Schematische Darstellung unserer Milchstraße in Draufsicht
Moderne Untersuchungen zeigen die Milchstraße als Balkenspirale mit zwei Haupt- und einigen Nebenarmen. Unsere Sonne befindet sich etwa 30.000 Lichtjahre vom Zentrum entfernt am inneren Rand eines Nebenarms, der den Namen Orion-Spur trägt. Von der Seite betrachtet die die Milchstraße eher flach. Ihr Zentralbalken (Central Bulge) wird bis zu 16.000 Lichtjahre dick, während der äußere Bereich mit den Spiralarmen maximal 3.000 Lichtjahre dick wird.
Die meisten mit freiem Auge sichtbaren Sterne liegen näher als 3.000 Lichtjahre; alles, was in der Milchstraße weiter entfernt ist, manifestiert sich mit freiem Auge eben als das diffuse, aber bei den guten Bedingungen hier auch sehr helle Lichtband am Himmel, das wir ebenfalls als Milchstraße bezeichnen.
Zur Lage der Milchstraße am Himmel
Da die Ebene unseres Sonnensystems ziemlich stark zur Ebene der Milchstraße geneigt ist, läuft die Milchstraße für unsere Verhältnisse stark geneigt über den Himmel. Für die Nordhalbkugel der Erde bedeutet das:
Auf der Breite von Namibia sieht die Sache etwas anders aus:
Ende Mai beginnen die Nächte mit dem Südherbst-Anblick und wechseln nach Mitternacht auf den Südwinterhimmel. Die Milchstraße ist in südlicher Richtung und später Richtung Zenit das dominante Objekt.

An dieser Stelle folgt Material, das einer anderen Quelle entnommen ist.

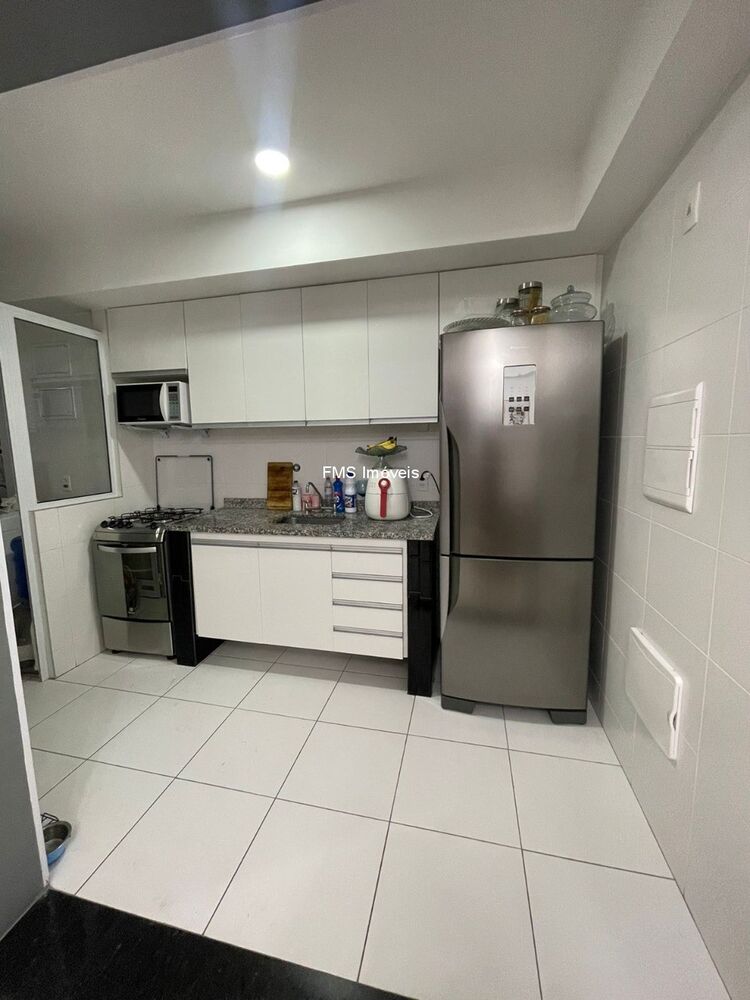 Apartamento à venda com 2 quartos, 69m² - Foto 13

Obige Grafik zeigt, dass der Zentralbalken der Milchstraße zwischen den Sternbildern Winkelmaß (Norma, nahe dem Skorpion) und Schütze (Sagittarius) liegt. Zwischen den Sternbildern Achterschiff (Puppis) und Schwan (Cygnus) blicken wir in Richtung der inneren Spiralarme. Dieser Bereich ist jener, der um diese Jahreszeit von der Abenddämmerung bis weit nach Mitternacht hoch am Himmel steht. Alles klar, warum wir jetzt hier sind (abgesehen von den klimatischen Bedingungen)?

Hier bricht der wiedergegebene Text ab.